#### PROVIDED RECORDS
□ □ □ □ □
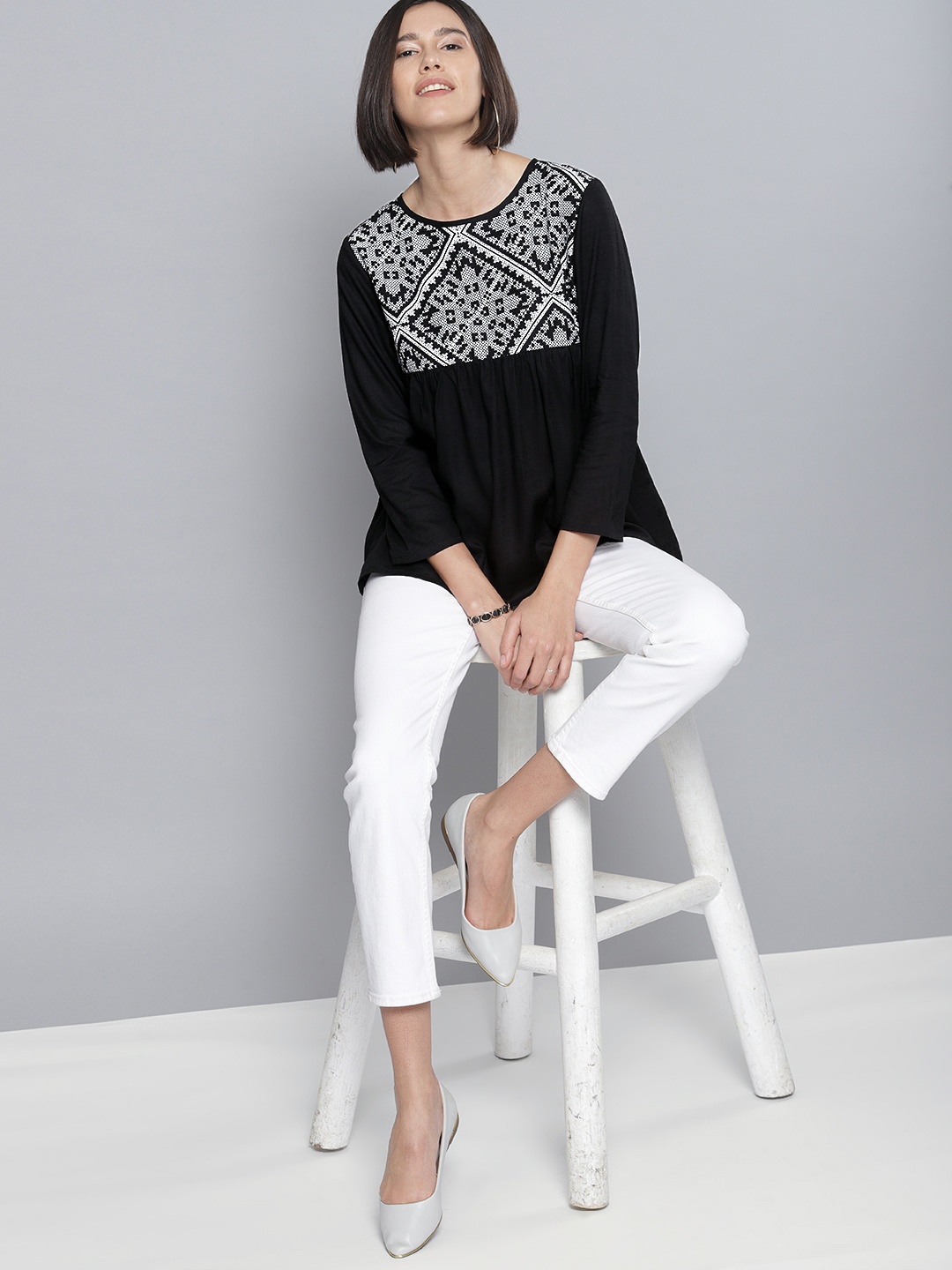 

Tokyo Talkies Black Ethnic Motifs Printed Pleated Top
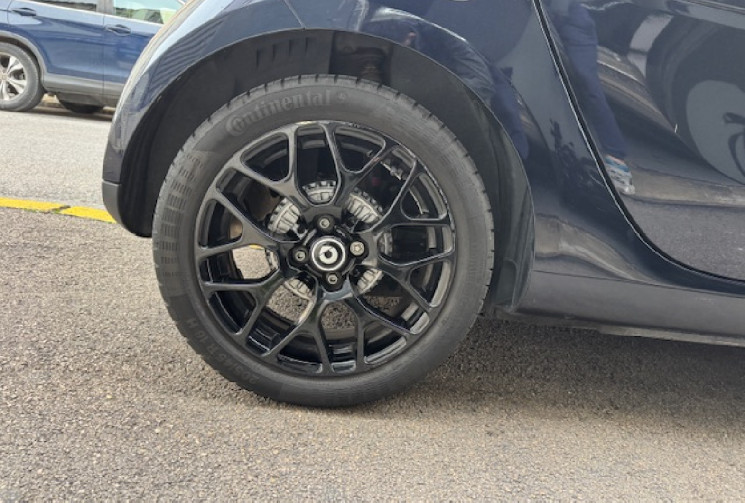 SMART Fortwo prime 90 cv Origine France 2eme main / GPS / CAMERA / SIEGES CHAUFFANTS / 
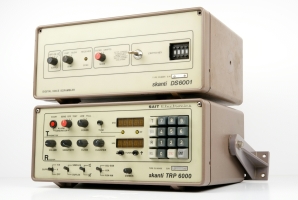 Skanti DS-6001 digital voice scrambler on top of a TRP-6000 transceiver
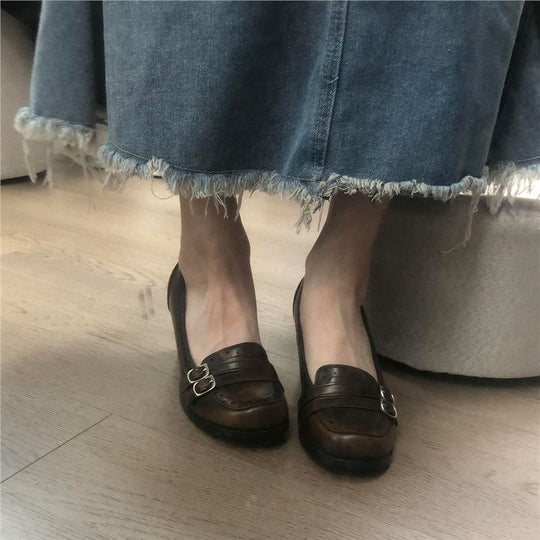 Damen elegante Pumps mit dekorativem Riemchen EB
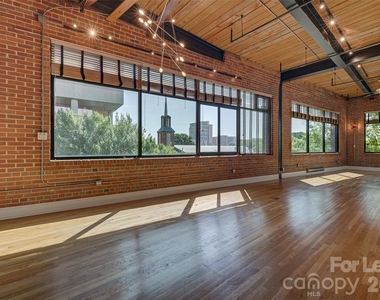 310 Arlington Avenue - Photo Thumbnail 10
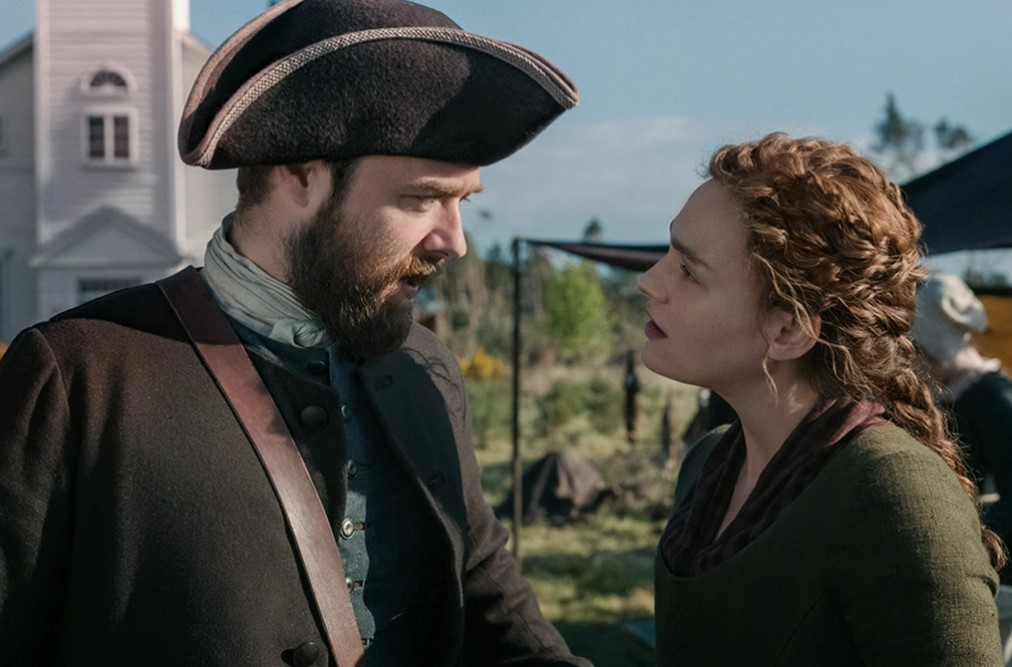 Richard Rankin as Roger MacKenzie and Sophie Skelton as Brianna MacKenzie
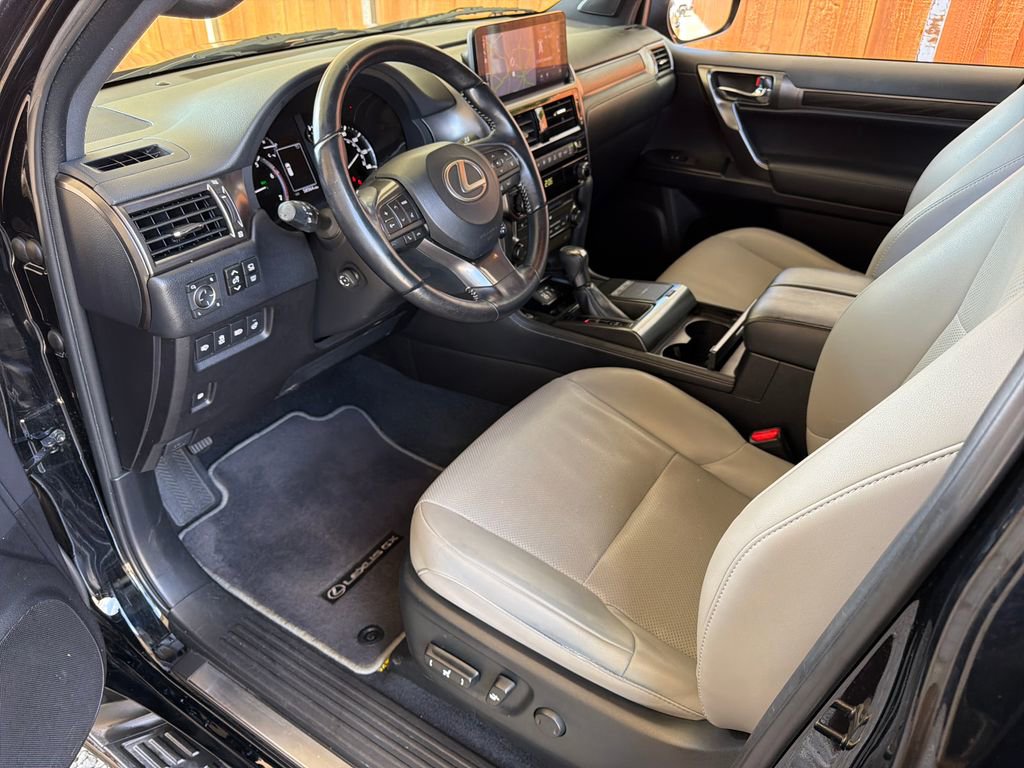 Used 2023 Lexus GX 460 w/ Black Line Special Edition image 2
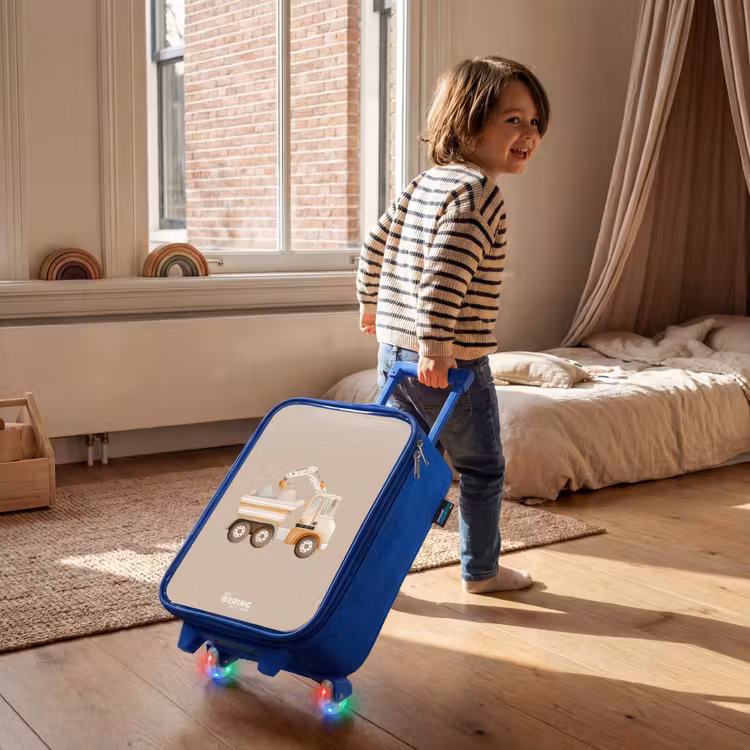 Gele kiepwagen in neutrale kleuren Kinderkoffer - Blauw klein -sfeer1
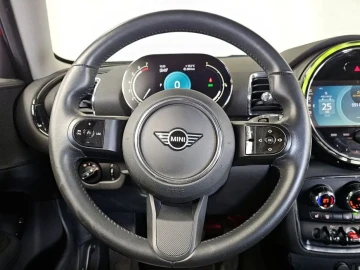 2023 Mini Clubman с пробегом 44 145 км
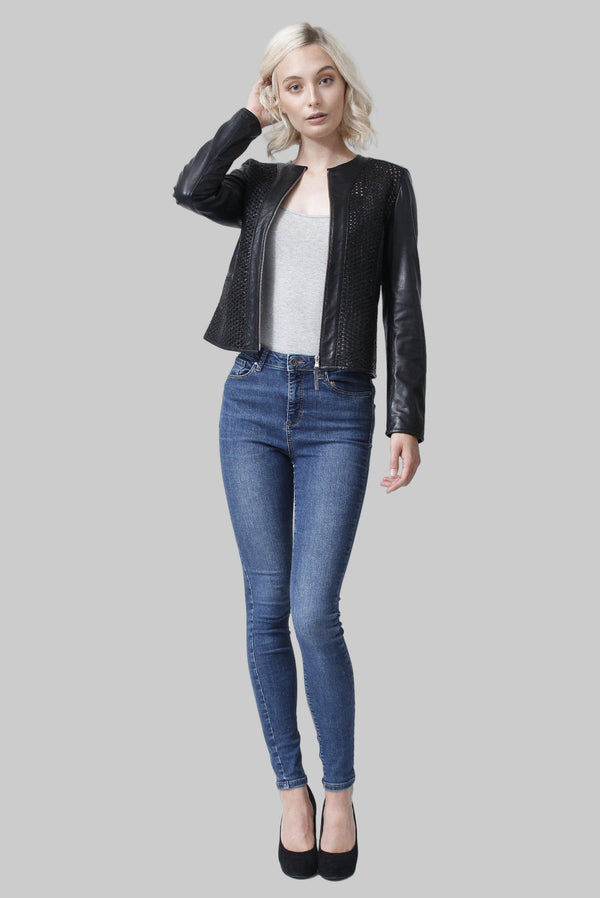 Kragenloser Damen Bolero in Lammnappa schwarz mit Flechteinsätzen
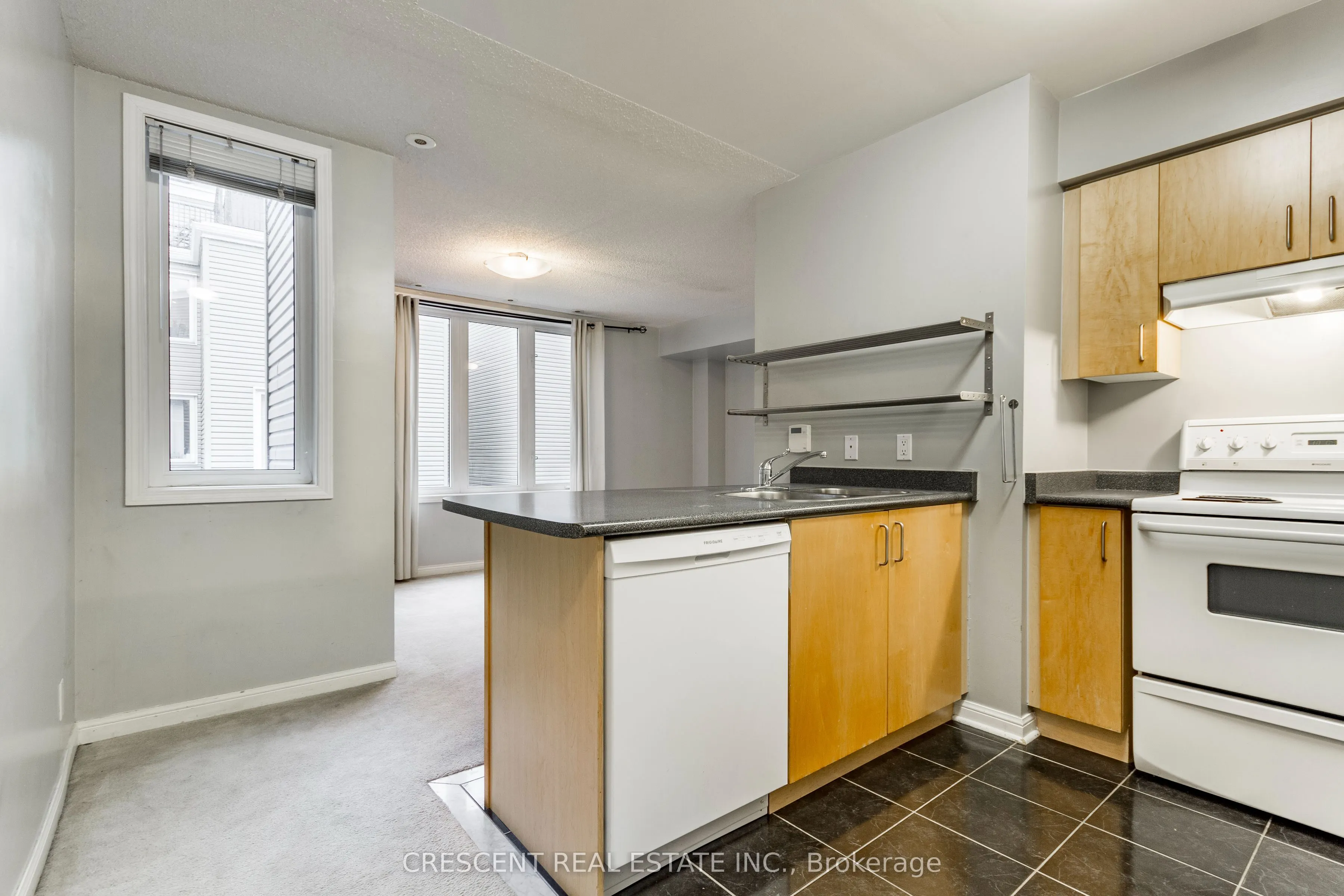 27 Canniff Street, #516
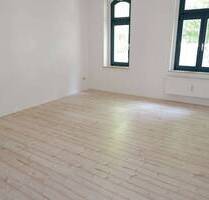 WG-geeignet - modernes Laminat - Bad mit Dusche - frei ab 1.11.25 - Chemnitz Hilbersdorf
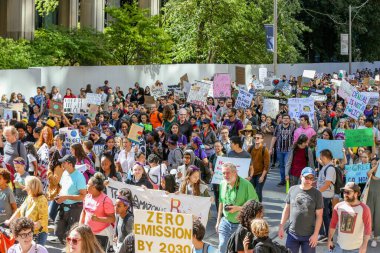 TORONONTO, ONTARIO, CANADA - 27 Eylül 2019: 'Gelecek İçin Cuma' iklim değişikliği protestosu. Küresel İklim Grevi 'nde binlerce insan pankartlarla yürüyor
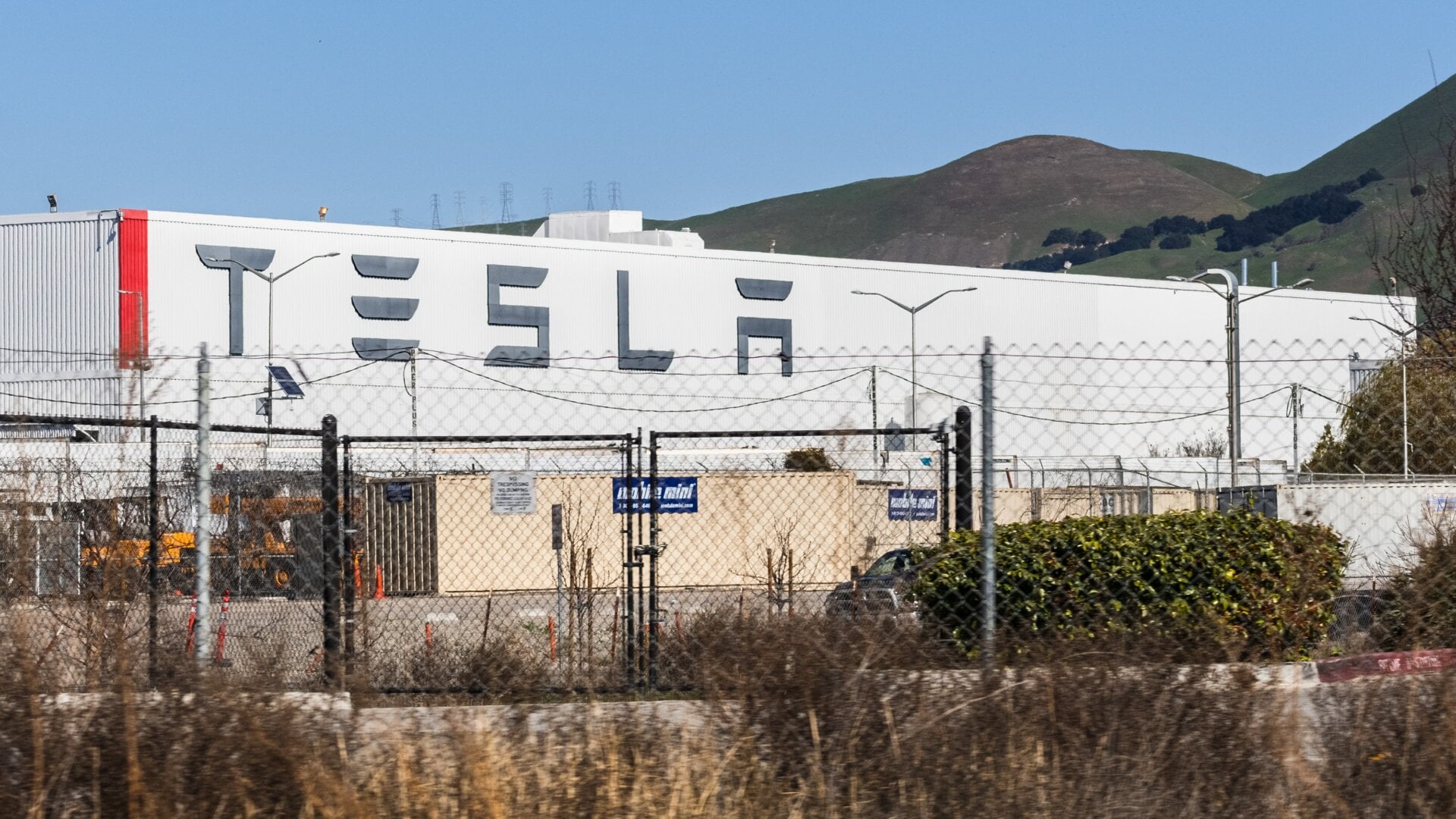 A long list of racial bias complaints have emerged from Tesla’s Fremont, California manufacturing plant. In one of the most recent lawsuits, Tesla is suing back.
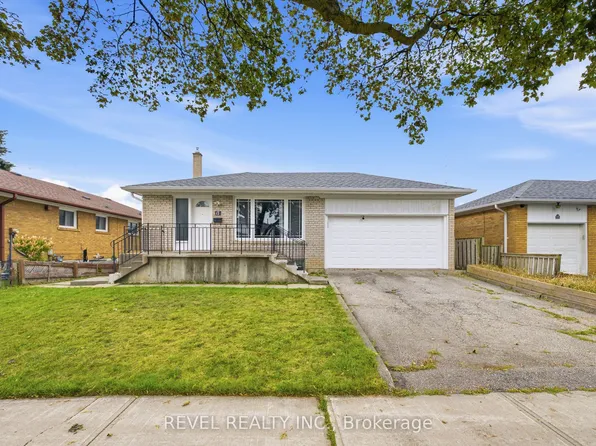 17 Amberjack Blvd, Toronto, ON M1H 2J2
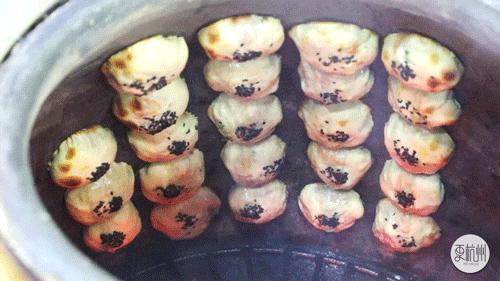 一口勾魂!这家网红烤饼店凭借独特的口感征服了无数的游客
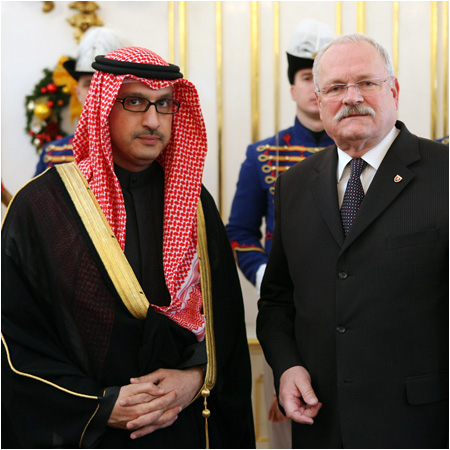Prezident SR Ivan Gaparovi prijal novho vevyslanca Kuvajtskho ttu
□ □ □ □ □
#### TASK
Take the whole listing above and copy it exactly. Pictures do not go into the copy.

#### SOLUTION TO THIS EXERCISE
Tokyo Talkies Black Ethnic Motifs Printed Pleated Top
 SMART Fortwo prime 90 cv Origine France 2eme main / GPS / CAMERA / SIEGES CHAUFFANTS / 
 Skanti DS-6001 digital voice scrambler on top of a TRP-6000 transceiver
 Damen elegante Pumps mit dekorativem Riemchen EB
 310 Arlington Avenue - Photo Thumbnail 10
 Richard Rankin as Roger MacKenzie and Sophie Skelton as Brianna MacKenzie
 Used 2023 Lexus GX 460 w/ Black Line Special Edition image 2
 Gele kiepwagen in neutrale kleuren Kinderkoffer - Blauw klein -sfeer1
 2023 Mini Clubman с пробегом 44 145 км
 Kragenloser Damen Bolero in Lammnappa schwarz mit Flechteinsätzen
 27 Canniff Street, #516
 WG-geeignet - modernes Laminat - Bad mit Dusche - frei ab 1.11.25 - Chemnitz Hilbersdorf
 TORONONTO, ONTARIO, CANADA - 27 Eylül 2019: 'Gelecek İçin Cuma' iklim değişikliği protestosu. Küresel İklim Grevi 'nde binlerce insan pankartlarla yürüyor
 A long list of racial bias complaints have emerged from Tesla’s Fremont, California manufacturing plant. In one of the most recent lawsuits, Tesla is suing back.
 17 Amberjack Blvd, Toronto, ON M1H 2J2
 一口勾魂!这家网红烤饼店凭借独特的口感征服了无数的游客
Prezident SR Ivan Gaparovi prijal novho vevyslanca Kuvajtskho ttu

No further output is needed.